# Not working for me



## puddin1 (Jun 1, 2007)

i downloaded this program with the intention of overclocking my video cards memory.....

i have a "visiontek radeon X1300" so it should work.....

anyways i started off by running "find max mem"
and it ran all well.....for like 4 hole days....before i finally stopped it...hears the log -.-

2007-05-29 20:55:19	I Find Max Memory started...
2007-06-01 10:13:38	I Scan aborted. Total runtime: 220700 seconds.	Artifact-free: 220699 seconds.	Core: 452.25 MHz	Memory: 9999.00 MHz

yeah i knew that wasn't right (i wish tho lol) 
so i tried moving the sliders but every time i move it and press "set clock"....it just moves back to its original position....no error log or anything its weird

this is the only thing i could find that might be the problem
2007-06-01 10:14:23	D Could not read driver's clock table: 2




help plz!


----------



## puddin1 (Jun 20, 2007)

is anybody ever gona reply to this?


----------



## pbmaster (Jun 20, 2007)

Oh man...try uninstalling it and then reinstalling.

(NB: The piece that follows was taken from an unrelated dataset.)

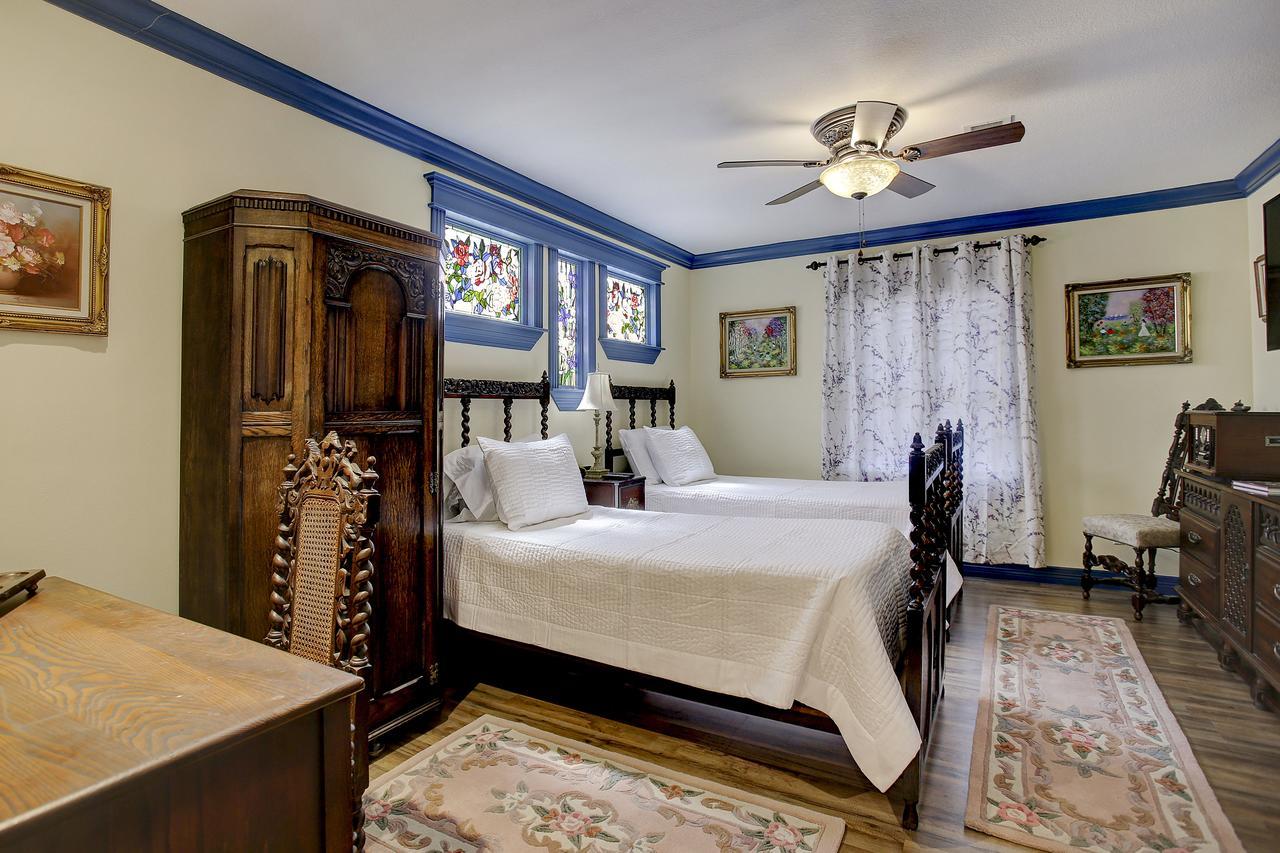 King Suite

You could also try a different version.


----------



## JrRacinFan (Jun 20, 2007)

Try uninstalling ATITool and shutting your computer down. 

Then re-install ATITool, see if it shows your memory clocks properly. If does not help then unsure of what you could do, maybe flash a new bios to the card.


----------



## Demos_sav (Jun 20, 2007)

Also update the drivers of your videocard. If they are too old ATITool may not be able to read the clocks really well


----------



## morbiddog (Jul 3, 2007)

i also have a 1300 card and i have noticed that the ati tool doesnt work all that well with my memory clock either only lets me go up to 280 before my comp crashes and what is your default clock for bot mines 450 and 270


----------